- **Work task**: Starting at the first line of the data, please print exactly those lines through the one that holds "Wonju, Corea del Sud.", omitting every picture.

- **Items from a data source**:
=== Section Start ===

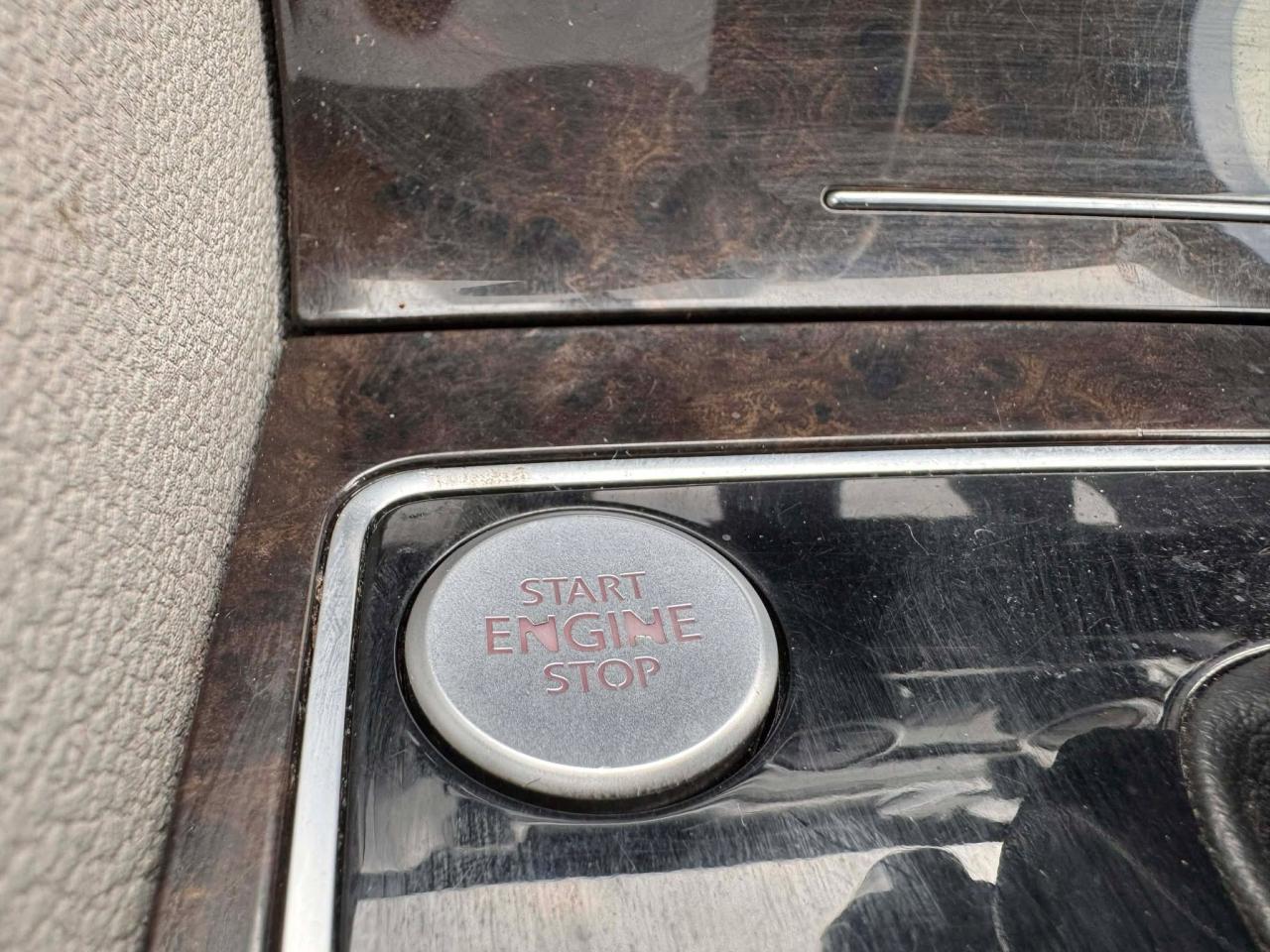 2015 Volkswagen Passat HIGHLINE Photo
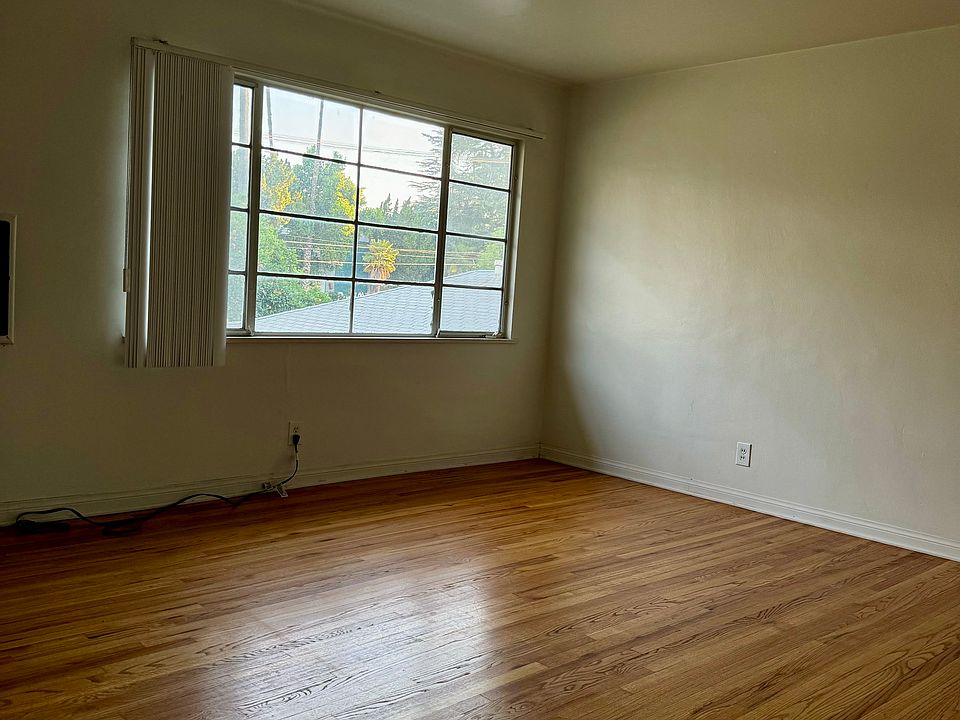 1st image of 13119 Moorpark St
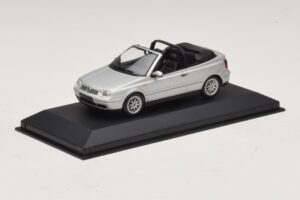 Volkswagen Golf Mk4 Cabriolet Argento Edizione Concessionario Minichamps 1:43 GOLF004 Pressofusione — immagine 2 di 5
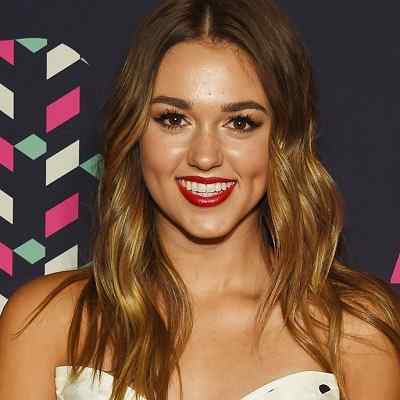 Sadie Robertson - Famous Actor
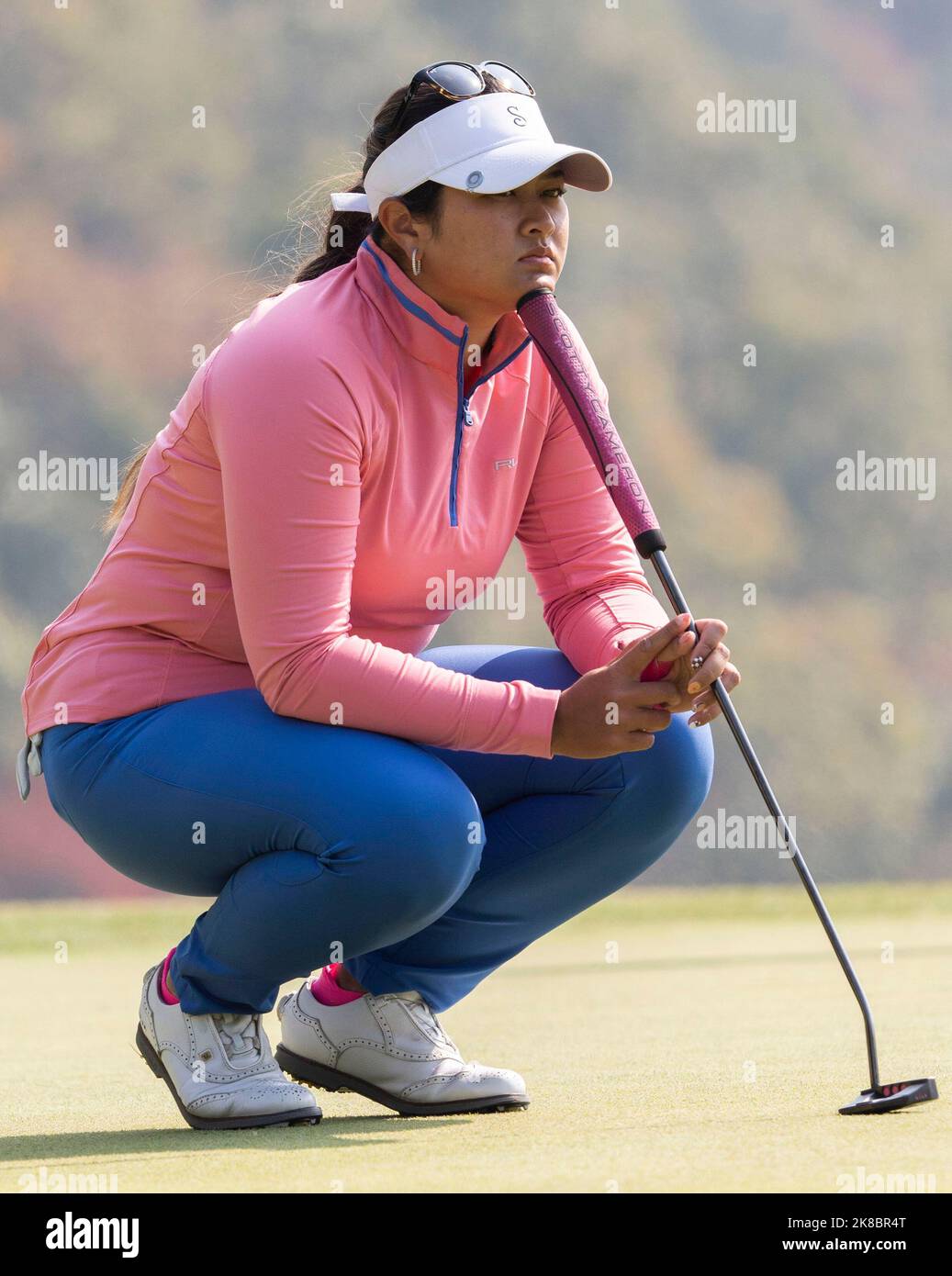 Wonju, Corea del Sud. 22nd Ott 2022. Lilia Vu dagli USA, allinea un putt sull'ottavo green durante il terzo round del BMW Ladies Championship all'Oak Valley Country Club di Wonju, Corea del Sud, il 22 ottobre 2022. (Foto di: Lee Young-ho/Sipa USA) Credit: Sipa USA/Alamy Live News Foto Stock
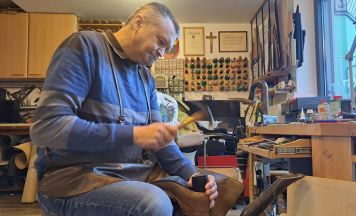 Bald acht Generationen retten in St. Veit Lieblingsschuhe vor dem Müll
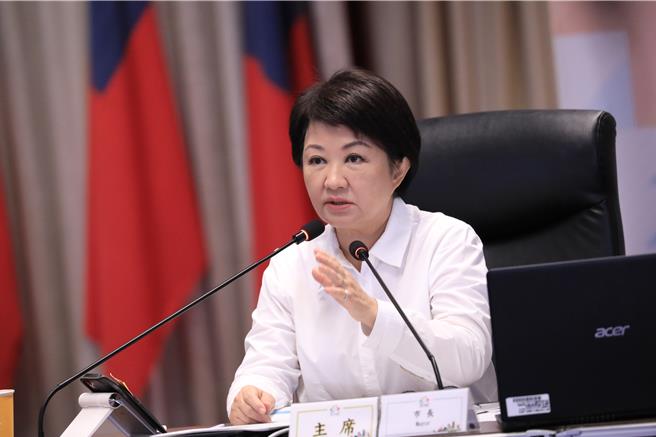台中市长卢秀燕23日在市政会议中宣布，台中市人口已突破285万人，根据内政部统计，23日人口已达285万23人。（陈淑芬摄）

=== Section End ===

- **Exercise response**:
 2015 Volkswagen Passat HIGHLINE Photo
 1st image of 13119 Moorpark St
 Volkswagen Golf Mk4 Cabriolet Argento Edizione Concessionario Minichamps 1:43 GOLF004 Pressofusione — immagine 2 di 5
 Sadie Robertson - Famous Actor
 Wonju, Corea del Sud. 22nd Ott 2022. Lilia Vu dagli USA, allinea un putt sull'ottavo green durante il terzo round del BMW Ladies Championship all'Oak Valley Country Club di Wonju, Corea del Sud, il 22 ottobre 2022. (Foto di: Lee Young-ho/Sipa USA) Credit: Sipa USA/Alamy Live News Foto Stock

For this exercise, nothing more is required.